● **Exercise objective**
Please repeat each line below exactly, with no images in the copy.

(Image-text web data)
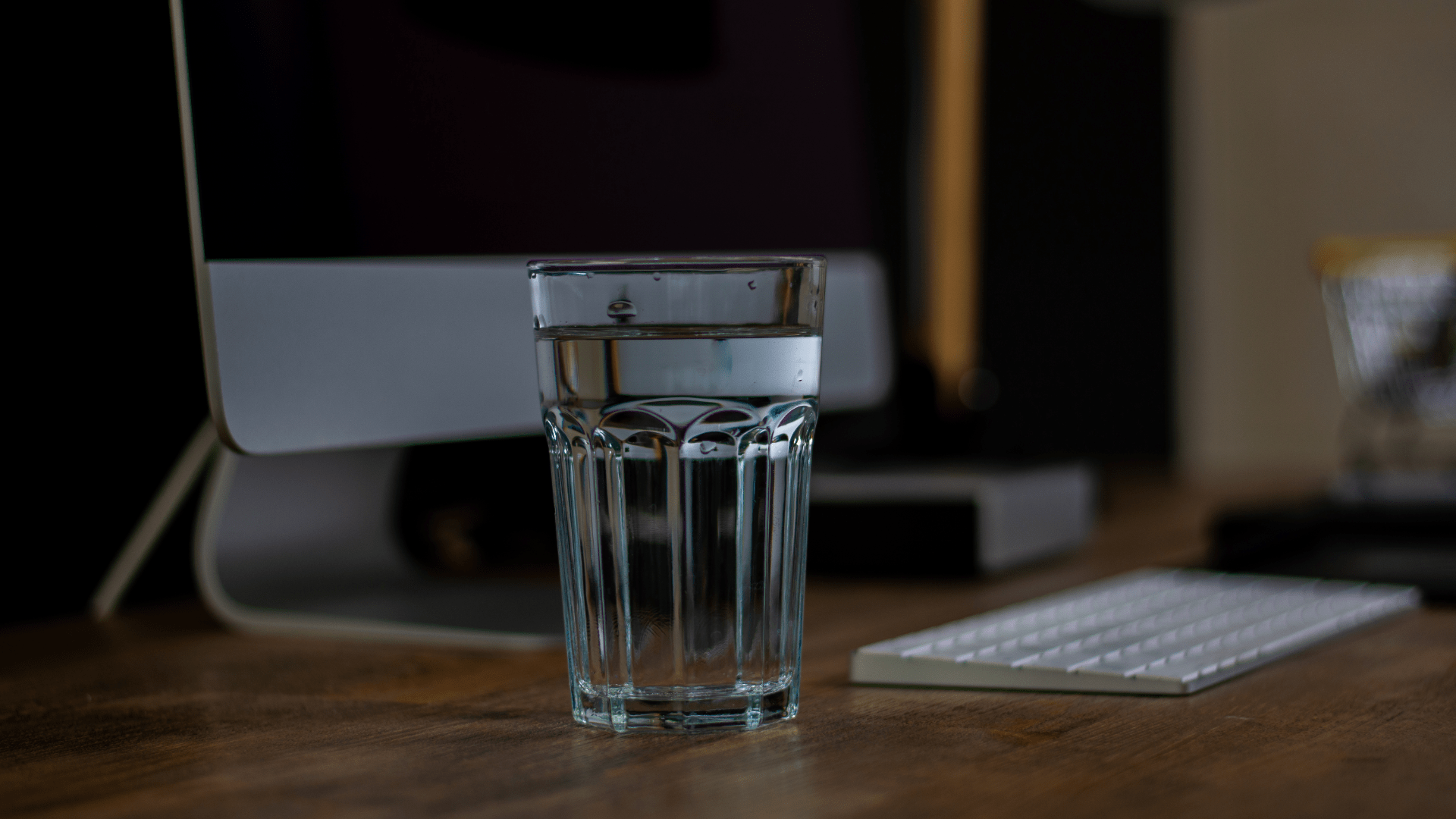 Glass of Water on Desk with Computer and Keyboard in Background Glass of Water on Desk with Computer and Keyboard in Background
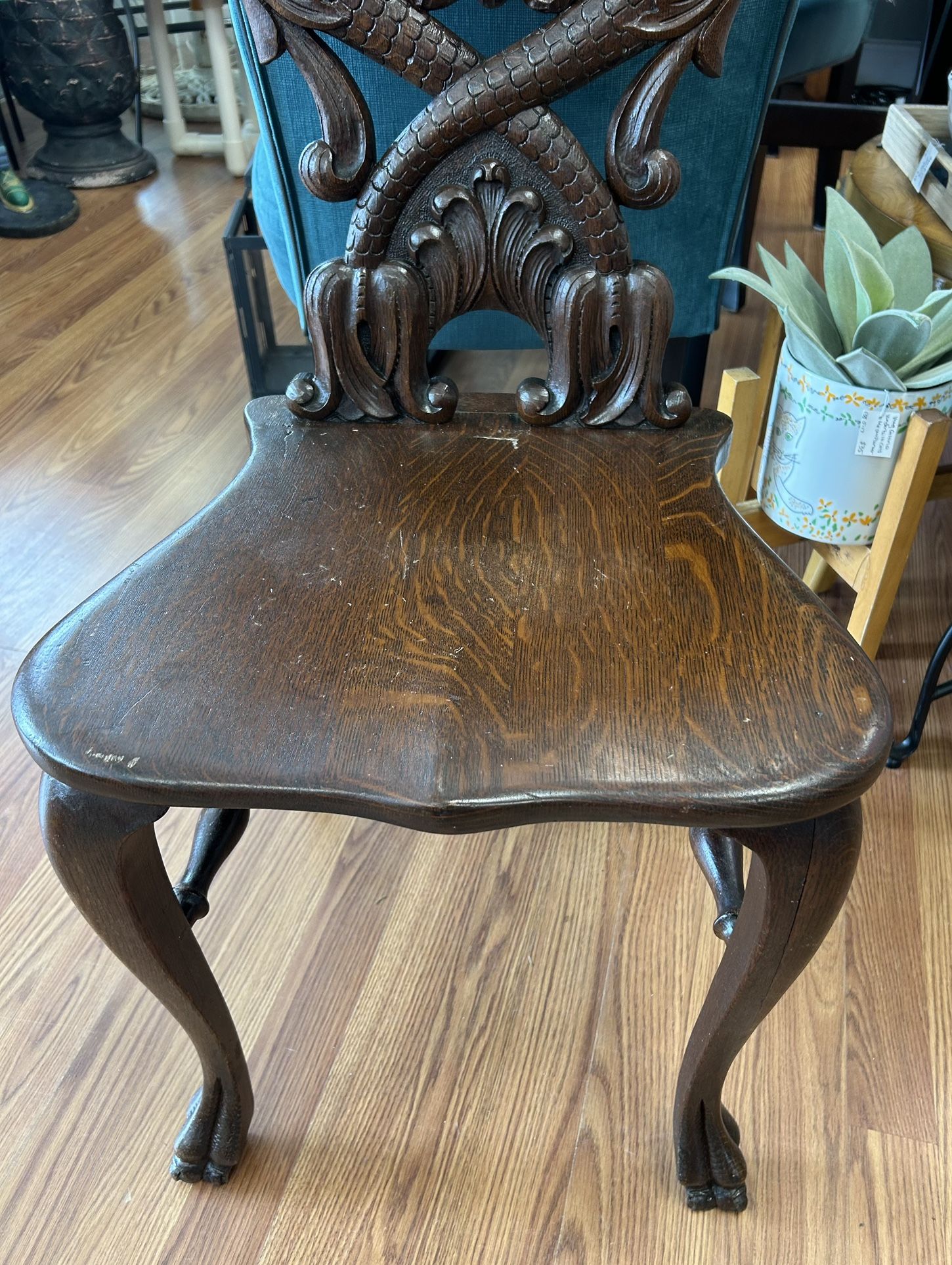 Antique American carved oak wood hall chair, dolphin heads beast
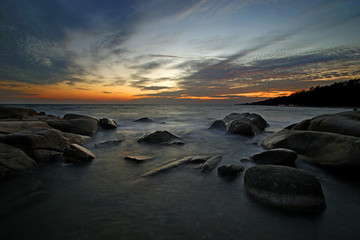 Fototapeta na wymiar sunset over the sea mist on rocks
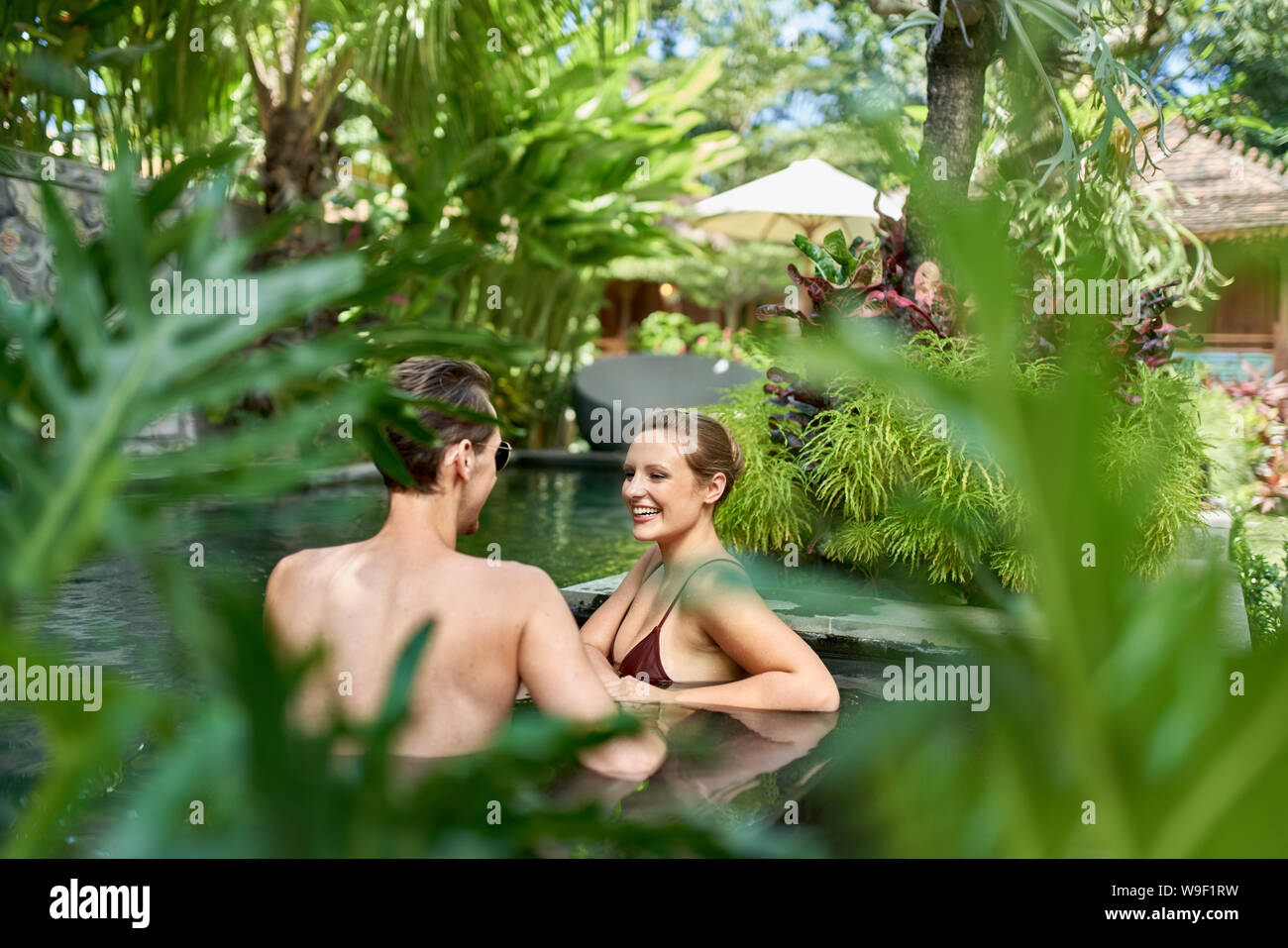 Unposed colpo di coppia felice in piedi insieme nella lussureggiante resort pool di hotel di lusso in tropicale Bali durante le vacanze Foto Stock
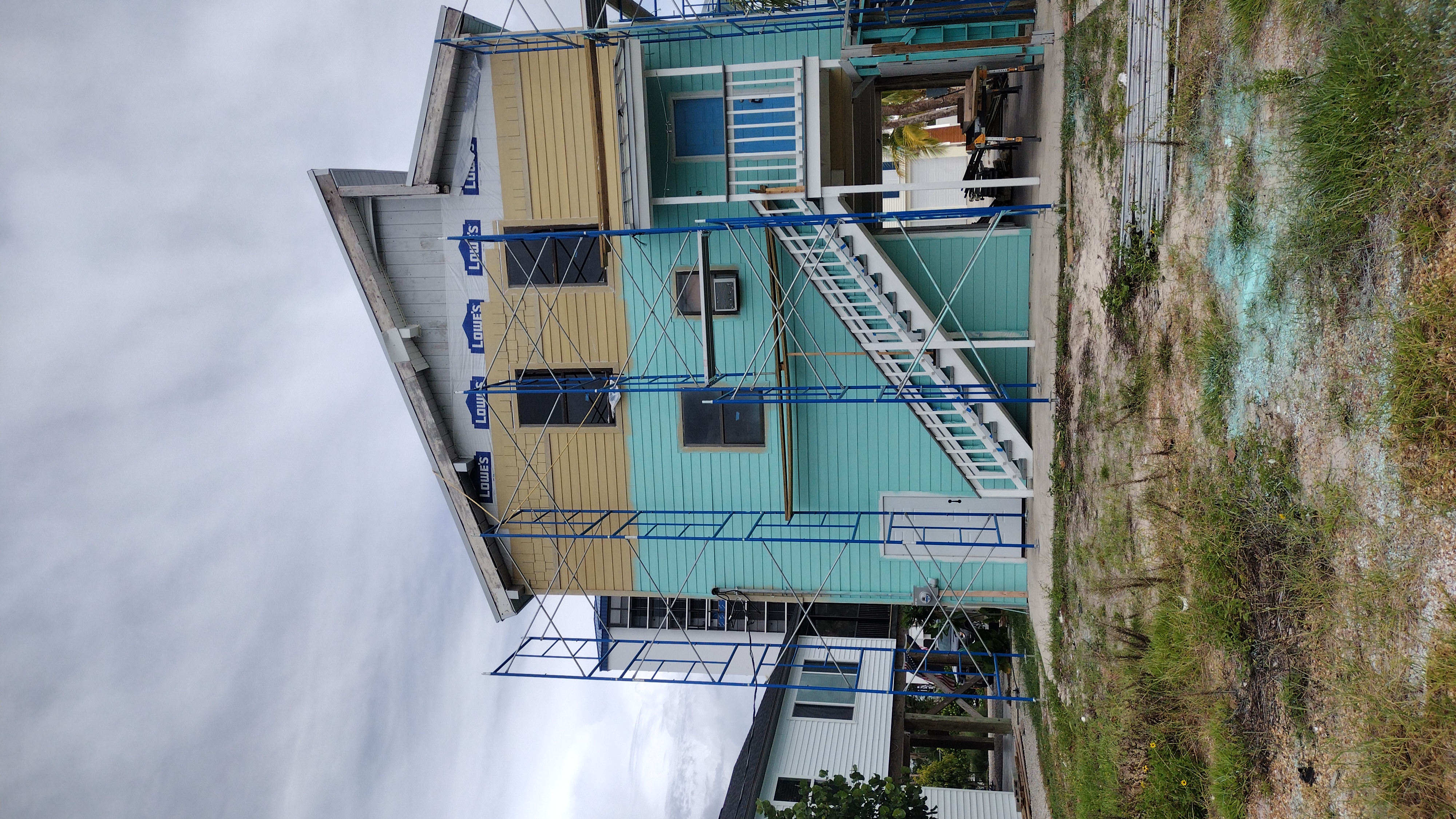 Hardie board installation detail showing the finished two-tone siding pattern — Bell Engineering & Construction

● **Task output**
 Glass of Water on Desk with Computer and Keyboard in Background Glass of Water on Desk with Computer and Keyboard in Background
 Antique American carved oak wood hall chair, dolphin heads beast
 Fototapeta na wymiar sunset over the sea mist on rocks
 Unposed colpo di coppia felice in piedi insieme nella lussureggiante resort pool di hotel di lusso in tropicale Bali durante le vacanze Foto Stock
 Hardie board installation detail showing the finished two-tone siding pattern — Bell Engineering & Construction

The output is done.